Особенно плохо выбирали тираны, они твердо говорили себе: вся моя беда в том, что я распугал друзей вокруг себя, и не имел друзей, и был один, сейчас я наберу себе команду друзей. Только в себя, как говорит Платон и как говорит греческая трагедия «Эдип», он не заглядывал. Абсурдно говорить о том, что тиран все-таки мог поостеречься и не разгонять друзей, одиночество – натура тирана, и последующая цепь событий может быть изменена только изменением природы самого тирана. Вот в этом смысле природа у греков называется «фюзис» (греческое «фюзис» несколько иное, чем то, что называется природой в позитивном естествознании с XVII века по сегодняшний день). Абсурдно говорить о том, что Гитлер мог бы распустить колхозы, то есть отказаться от формы, вытекающей из природы нацизма и являющейся идеальным средством тотального контроля над населением. <…>

Греки говорят: бытие одно и время одно, оно не размножается (и это они называют бытием). Оно одно, уже есть, но мы об этом не знаем. А что значит «уже есть»? То, к чему мы не применяем термина «происхождение» и происхождение чего мы не прослеживаем. Истина жизни Эдипа уже есть: он спит со своей матерью и убил своего отца, истина есть до всех тех действий, которые он предпримет сознательно, кстати, в поисках этого бытия. Но что бы он ни делал, бытие уже есть, только он об этом не знает, уже есть, и мы не должны выяснять, откуда оно. Само оно не имеет происхождения; в том, как мы об этом говорим, мы его допускаем, чтобы понять нечто другое, а именно то, что происходит с Эдипом после того, что бытие уже есть. Уже есть, я повторяю, и мы отказываемся от применения термина «происхождение», не рассматриваем это во времени, а значит, это вечно. Рассуждая о бытии, греки всегда имеют в виду вечную душу, в которой существуют истины до встречи с конкретными предметами, относительно которых эта истина является истиной. В мифе Платона о мальчике-рабе Сократ[24] извлекает из души мальчика извечно имевшуюся в его душе теорему Пифагора, мальчик вспоминает утонувшие в глубине души знания, которые являются следами встреч в вечности с Богом, как выражались греки.

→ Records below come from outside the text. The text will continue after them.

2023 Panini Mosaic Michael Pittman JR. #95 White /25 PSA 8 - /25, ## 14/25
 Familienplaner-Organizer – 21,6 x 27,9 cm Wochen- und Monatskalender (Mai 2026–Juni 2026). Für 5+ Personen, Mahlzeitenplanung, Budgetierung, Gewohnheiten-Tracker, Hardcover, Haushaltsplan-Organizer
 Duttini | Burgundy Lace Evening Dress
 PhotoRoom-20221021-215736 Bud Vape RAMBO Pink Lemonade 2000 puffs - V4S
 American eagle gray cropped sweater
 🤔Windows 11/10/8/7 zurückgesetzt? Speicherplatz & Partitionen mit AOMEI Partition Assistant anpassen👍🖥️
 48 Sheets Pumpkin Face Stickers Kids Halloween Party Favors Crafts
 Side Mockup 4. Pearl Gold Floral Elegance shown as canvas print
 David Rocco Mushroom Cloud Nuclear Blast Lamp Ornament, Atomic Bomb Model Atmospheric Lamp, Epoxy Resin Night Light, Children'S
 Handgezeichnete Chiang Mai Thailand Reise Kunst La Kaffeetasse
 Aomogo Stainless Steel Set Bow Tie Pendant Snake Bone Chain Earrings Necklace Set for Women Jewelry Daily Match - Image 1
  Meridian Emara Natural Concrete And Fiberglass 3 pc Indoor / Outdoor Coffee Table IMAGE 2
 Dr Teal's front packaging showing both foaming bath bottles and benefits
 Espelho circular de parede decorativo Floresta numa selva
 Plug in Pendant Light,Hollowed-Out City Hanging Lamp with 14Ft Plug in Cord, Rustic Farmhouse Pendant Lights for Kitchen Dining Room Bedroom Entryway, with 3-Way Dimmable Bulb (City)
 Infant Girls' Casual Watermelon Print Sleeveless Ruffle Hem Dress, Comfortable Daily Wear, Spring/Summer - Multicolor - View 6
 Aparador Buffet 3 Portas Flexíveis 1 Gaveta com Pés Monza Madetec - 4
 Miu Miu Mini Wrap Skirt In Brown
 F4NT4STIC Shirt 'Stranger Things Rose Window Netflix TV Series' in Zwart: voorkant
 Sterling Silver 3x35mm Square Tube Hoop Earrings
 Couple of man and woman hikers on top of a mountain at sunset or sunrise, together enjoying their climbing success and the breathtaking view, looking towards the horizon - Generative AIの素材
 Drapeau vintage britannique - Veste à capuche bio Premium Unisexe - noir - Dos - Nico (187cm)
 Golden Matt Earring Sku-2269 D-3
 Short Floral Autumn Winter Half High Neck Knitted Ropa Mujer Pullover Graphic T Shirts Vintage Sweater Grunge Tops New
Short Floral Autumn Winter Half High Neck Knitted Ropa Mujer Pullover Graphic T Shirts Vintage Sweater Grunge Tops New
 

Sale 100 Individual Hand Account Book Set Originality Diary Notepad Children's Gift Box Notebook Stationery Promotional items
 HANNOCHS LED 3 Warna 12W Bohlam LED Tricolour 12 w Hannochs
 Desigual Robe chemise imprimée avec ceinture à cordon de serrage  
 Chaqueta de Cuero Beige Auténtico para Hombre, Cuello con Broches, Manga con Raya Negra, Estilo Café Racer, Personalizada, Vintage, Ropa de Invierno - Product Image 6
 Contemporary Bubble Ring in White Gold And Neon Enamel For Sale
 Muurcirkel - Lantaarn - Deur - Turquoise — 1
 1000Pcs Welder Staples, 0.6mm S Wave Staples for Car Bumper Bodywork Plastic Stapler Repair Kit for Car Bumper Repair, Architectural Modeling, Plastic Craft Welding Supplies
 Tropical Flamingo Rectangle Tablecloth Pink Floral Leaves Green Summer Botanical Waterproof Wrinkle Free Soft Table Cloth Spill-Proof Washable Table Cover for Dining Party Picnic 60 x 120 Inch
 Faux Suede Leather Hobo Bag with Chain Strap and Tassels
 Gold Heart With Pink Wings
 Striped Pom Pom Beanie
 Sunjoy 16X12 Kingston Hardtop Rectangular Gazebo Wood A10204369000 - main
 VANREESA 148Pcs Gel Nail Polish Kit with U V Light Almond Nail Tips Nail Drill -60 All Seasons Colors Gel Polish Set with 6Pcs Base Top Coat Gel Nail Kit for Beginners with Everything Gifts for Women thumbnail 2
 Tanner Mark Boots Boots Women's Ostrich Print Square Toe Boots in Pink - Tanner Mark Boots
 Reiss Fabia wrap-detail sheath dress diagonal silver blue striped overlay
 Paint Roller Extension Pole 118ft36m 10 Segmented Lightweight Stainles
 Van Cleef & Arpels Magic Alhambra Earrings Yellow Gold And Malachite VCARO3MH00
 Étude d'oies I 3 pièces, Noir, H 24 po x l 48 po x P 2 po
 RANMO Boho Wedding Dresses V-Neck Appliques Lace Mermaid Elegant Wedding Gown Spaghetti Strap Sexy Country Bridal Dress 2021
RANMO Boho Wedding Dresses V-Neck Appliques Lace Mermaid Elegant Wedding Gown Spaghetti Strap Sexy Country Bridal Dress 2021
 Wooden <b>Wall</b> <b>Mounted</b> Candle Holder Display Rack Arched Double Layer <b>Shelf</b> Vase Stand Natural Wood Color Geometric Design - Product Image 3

Повторяю, что язык не есть буквальное утверждение: какая разница с точки зрения символики нашего языка, говорю ли я о встрече с Богом или говорю, что бытие вечно и неподвижно (здесь нет ни одного слова о Боге). Но попробуйте понять сказанное буквально: бытие вечно и неподвижно, значит, этого нельзя помыслить, этого нет. [Бытие] неподвижно, если я больше не совершаю того, из-за чего мне приходится раскаиваться; совершение чего-то и раскаяние из-за совершенного – и то и другое – реальные эмпирические события, которые появляются, исчезают, снова повторяются. А вот в тексте Парменида сказано: «В бытии нет ни появления, ни прехождения»[25].

Обычно комментаторы это понимают в том смысле, что греки отрицали становление, изменение физических предметов во времени, поскольку в тех понятиях, которыми они располагали, они не могли справиться с пониманием факта изменений в мире. Но совсем не об этом шла речь. Это просто язык, используемый для того, чтобы сказать, что предметы появляются, исчезают, раскаяние растворяется: я ведь не могу постоянно оставаться в состоянии раскаяния в силу порога чувствительности и способов ее организации (нельзя быть вечно взволнованным). То, о чем говорил Пифагор, потом прекрасно понимали, как ни странно, не философы, а деятели театра, и это понимание состояло в следующем: надо так построить машину театра, чтобы из случившегося раз и навсегда извлечь смысл и не повторять того, из-за чего я испытываю какие-то состояния, поскольку удержать их по законам чувствительности я не могу. Что-то перестает меня раздражать, потому что чувства притупляются, и если что-то зависит от притупляемости чувств, то это «что-то» рассеивается и исчезает. Пифагор имел дело именно с проблемой того, как это удержать.